Upon meeting Trisha, I felt a tremendous permission to get dirty and play with movement. She was totally open and made gasping noises when something beautiful happened in the studio. That is how we knew we should repeat it. It was thrilling.

Q: What kind of conversations did you have?

LJT: Trisha and I were in a conversation about the art of puppetry. She asked a group of my puppet friends to come into the studio—and we did a three-person puppetry sequence with a bunraku puppet made by Luis Tentindo. It was so fun to see Trisha’s choreographic interests manifested in the puppet. The puppet could do anything partner-wise and never go tired.

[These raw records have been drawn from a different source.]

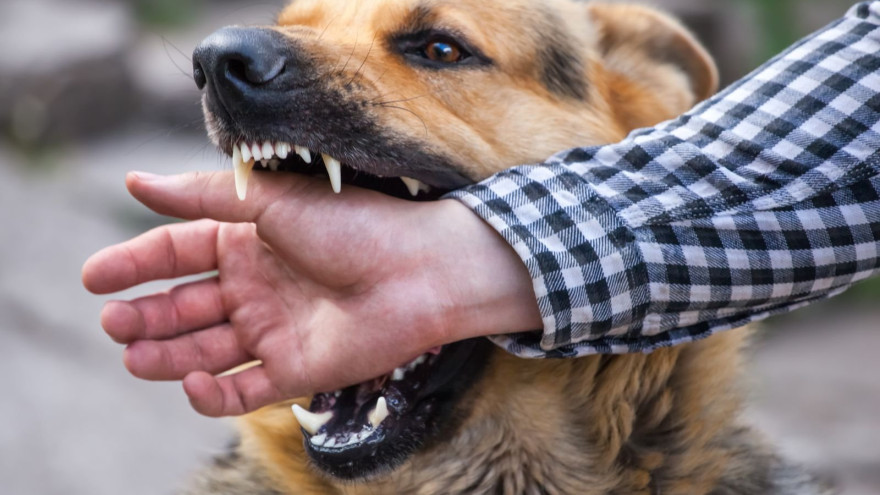 Администрация Тазовского района выплатит моральный ущерб за укус бездомной собаки
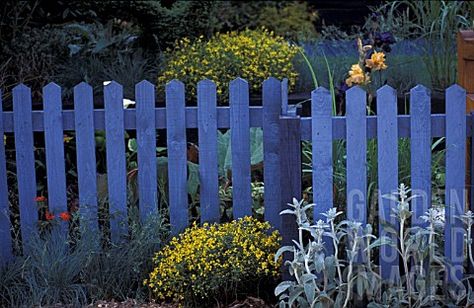 Blue Picket Fence, Blue Fence, Easter House, Garden World, Picket Fences, Dream Beach Houses, Farm Fence, Blue Garden, World Images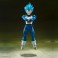 S.H.Figuarts Figures - Dragon Ball Super - Super Saiyan God Super Saiyan Vegeta (USP)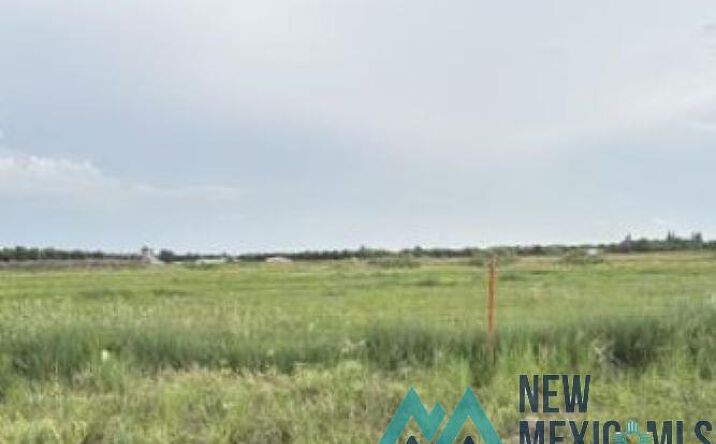 Pictures of Land property located at 301 E Tumbleweed Road, Dexter, NM 88230 for sales - image #1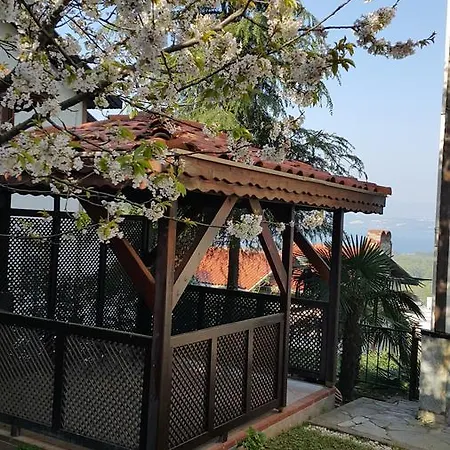 Bahce Mahmudiye Villa Sapanca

We never did work with the puppet beyond this rehearsal—but I think we both enjoyed thinking about dance as a moving sculpture—and that partnering was a kind of enormous architecture for humans to traverse.

Q: If you had one Trisha Brown dance to take with you to a desert isle what would it be and why?

LJT: Right now it would be Opal Loop, because I am dancing it at the moment and love the phrases. Learning this piece cracked a Trisha Brown code for me in terms of dynamic and deep movement intention within the phrase material and group forms. I watched the Crosby St. performance each night before I performed this piece, and I was inspired by Trisha’s timing! She was totally wild! Her role was so wonderful to dance because she was an instigator, always staring trouble!

All the early stage pieces are high on my list including Glacial Decoy and Set and Reset. The movement feels good. These two works both have intricate phrase material and very clear spatial group forms that contrast and contain the wild individuals. I love this balance—it feels very supportive to be inside this kind of work.

Q: From your perspective, physically, artistically, how did Trisha’s dances evolve during your time with the company?

LJT: I was involved in the final four years of Trisha’s making career. I feel honored to have participated in making the twilight pieces. Iréne called the last phase of her work, “the music cycle”—when she was working with operas. Additionally, there was a tremendous amount of partnering in the last works. In the two Rameau operas I helped build, Trisha was also interested in a baroque gestural quality. Hands swirled and wrists circled. People spiraled around each other. In making the operas, I became fascinated with how nonliteral movement vocabulary existed within a literal text/story (of the opera). At one moment in L’Amore I became an archer—and this image dissolved into partnering. I wondered if it was possible for literal imagery to appear and disappear in and out of abstract movements. I recently made a piece in Los Angeles called wind hill that deals with this question.

IMG_5020 [800x600]Q: What stays with you the most about Trisha’s work today?

LJT: Strangely, Scallops has stayed with the most. I am so surprised by this because I thought the piece was boring at first. The Early Works have totally captivated my attention. This one in particular traces the perimeter of the space and allows each dancer the agency to choose who they pivot around. Each scallop lands on the edge in unison and all the dancers “pivot” together. I love the idea of a rule game dance. I love how establishing a set of parameters creates a living puzzle, one where the dancers have the power to compose within. In this way the Early Works within Line Up have a revolutionary intention—the genius role of the choreographer gives way to the intelligence of the group. I see the dancers as one thinking body—and the dance being the organizing principle.

Secondly, I am inspired by Trisha’s rich movement vocabulary and phrasing. Her dancing is delicious, and because I know this approach to dancing, I feel it is possible to dance for my whole life.